Father Quintana’s voiceover provides an abundant amount of wisdom that’s both Biblical and convicting. He quotes Scriptures like, “Husbands, love your wife as Christ loved the Church.” Sadly, Neil fails to exhibit any of the qualities that Father Quintana preaches so often, which is why Neil’s relationships end in a passionate mess.

What Malick fails to do is give the audience any sense of closure or fulfillment, either in the narrative or emotionally. Some positive lessons of love and faith can clearly be gleaned, but the story is overly ambiguous and ultimately not uplifting. TO THE WONDER also has brief graphic nudity, sensuality, and implied adultery, so the movie is excessive.

In Brief:

TO THE WONDER is a romance from acclaimed director Terrence Malick, who directed TREE OF LIFE. Though it’s not a masterpiece, it’s his most personal movie yet. The story follows Neil, played by Ben Affleck, and two different romantic relationships. The first is with a passionate Frenchwoman and the second, an American friend from his past. The relationships have their “ups and downs.” Meanwhile, the movie also follows the lonely life of a local priest who provides Biblical wisdom on what love is.

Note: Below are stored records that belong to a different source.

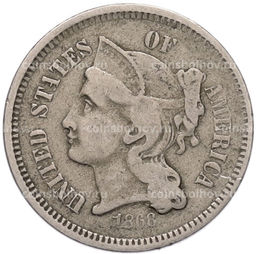 Монета 3 цента 1868 года США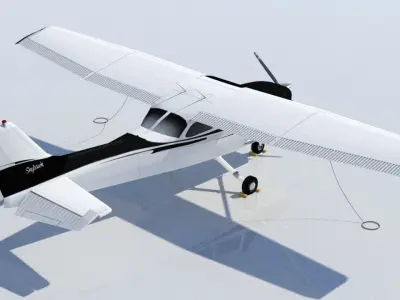 Cessna Skyhawk C172 Static Low Poly   Low-poly 3D model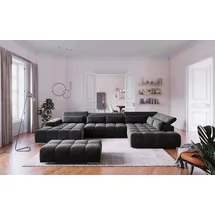 Cotta Wohnlandschaft COTTA "Orion U-Form, B: 409 cm", charcoal, B:409cm H:73cm T:225cm, 100% Polyester, Sofas, Wohnlandschaft, mit Kopfteilverstellung & 6 Nierenkissen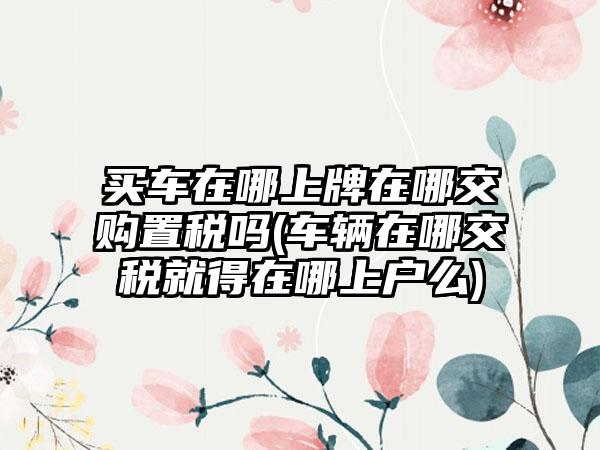 买车在哪上牌在哪交购置税吗(车辆在哪交税就得在哪上户么)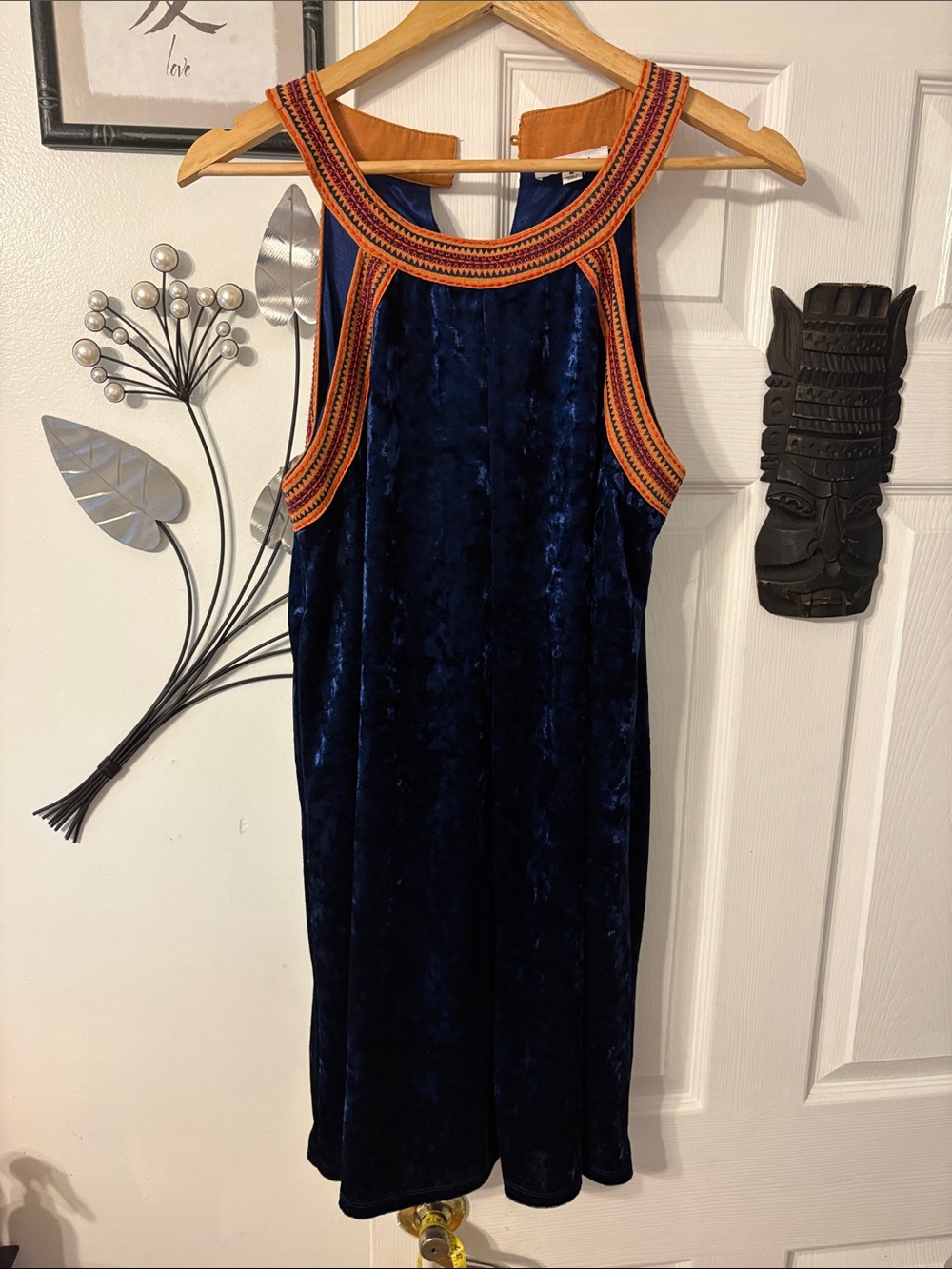 THML Navy Velvet Midi Dress with Orange Embroidered Trim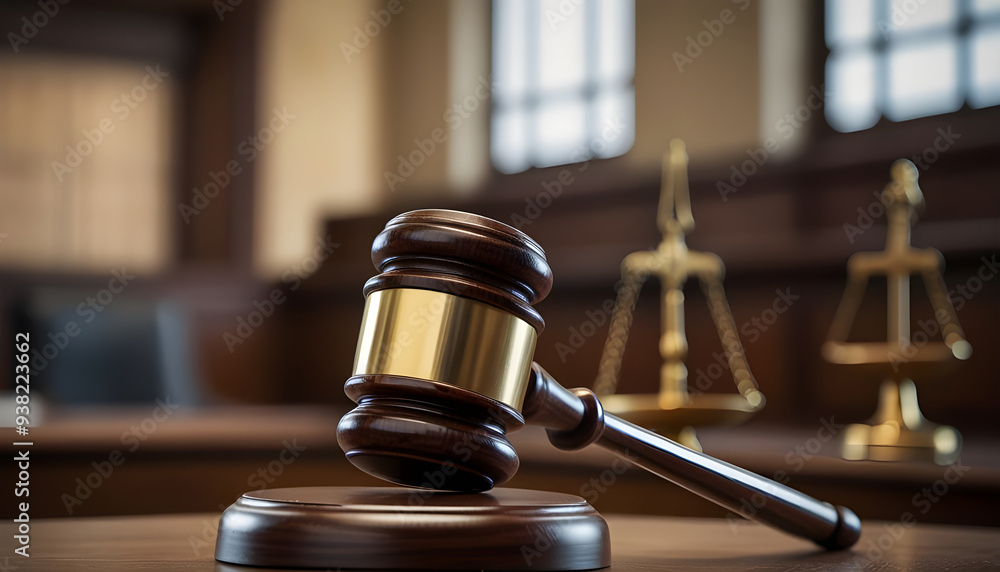 A legal judges wooden hammer and blurred background. Generative AI A legal judges wooden hammer and blurred background. Generative AI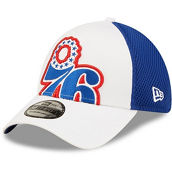 Men's New Era White/Royal Philadelphia 76ers Large Logo 39THIRTY Flex Hat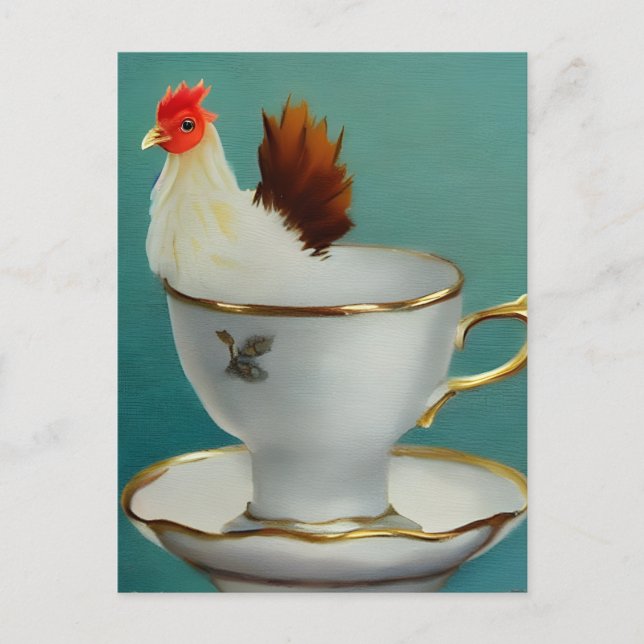 Postal Rooster en una taza de té (Anverso)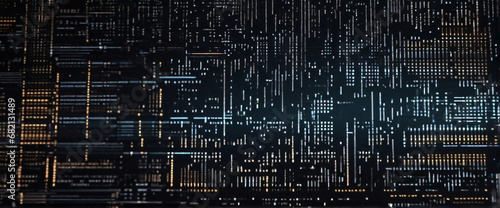 An abstract digital background with binary code and AI algorithms running in the background photo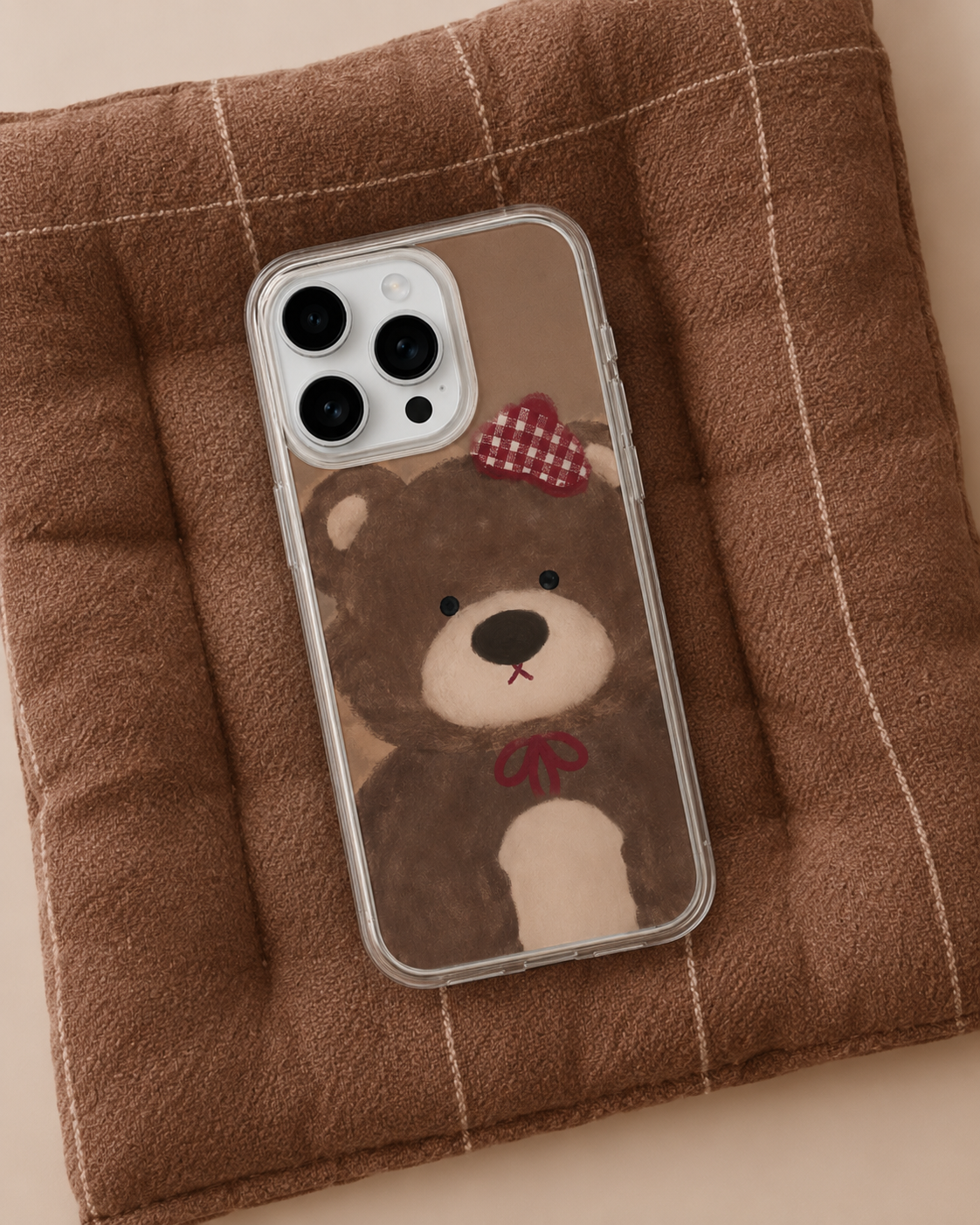 Cute Brown Teddy Bow case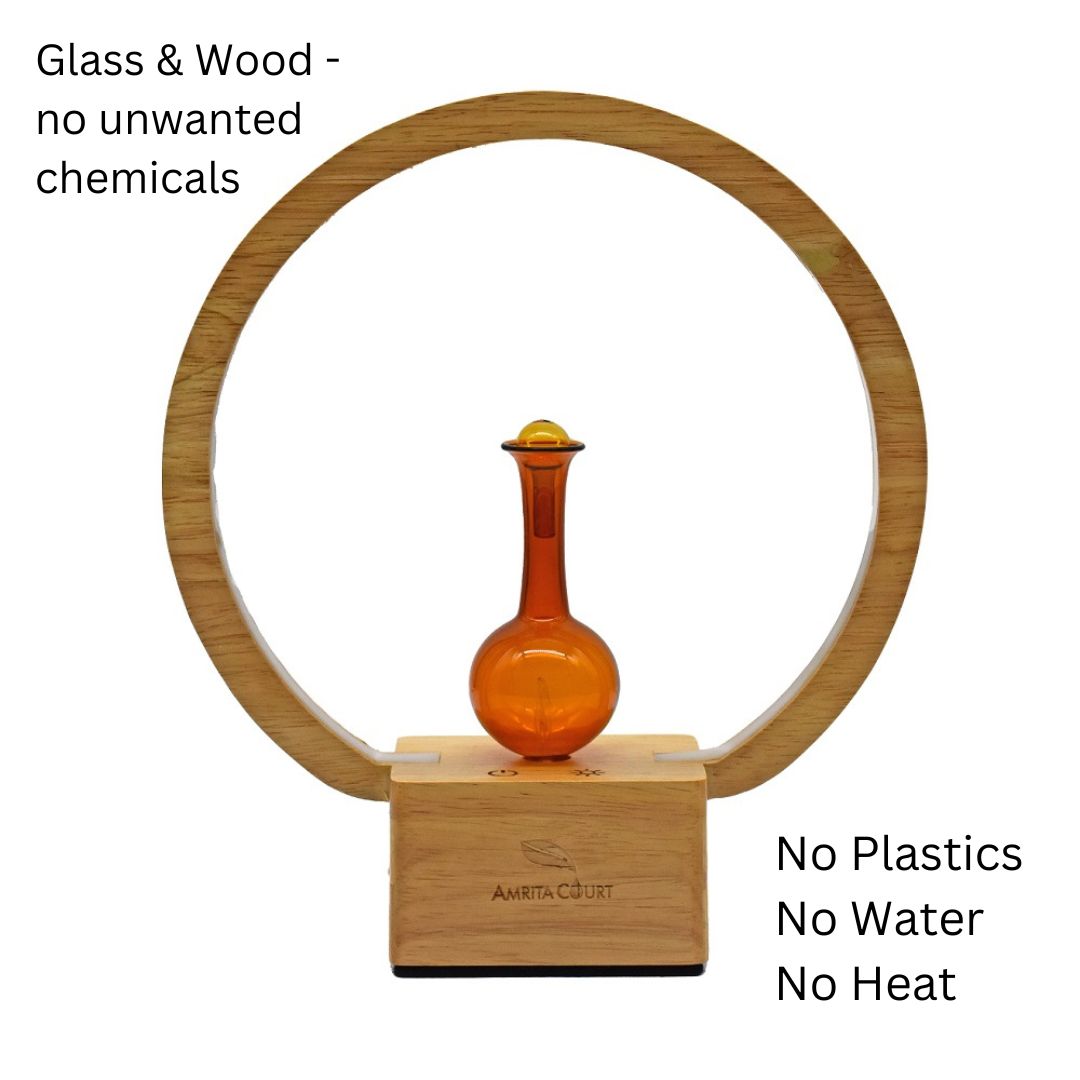 Decorative item with glass and wood design, featuring a brand logo on a white background.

The relationship and emotions portrayed in TO THE WONDER are incredibly honest. Malick breaks from traditional storytelling technique more than ever with this tale, leaving the movie too ambiguous and giving the audience little to take away from the story. That said, the priest provides a lot of Christian and Biblical wisdom on love, even quoting a lot of Scripture. Sadly, Neil hardly ever exhibit any of the qualities that the priest preaches so often, which is why Neil’s relationships end in a passionate mess. TO THE WONDER also has brief extreme nudity, sensuality, and implied adultery.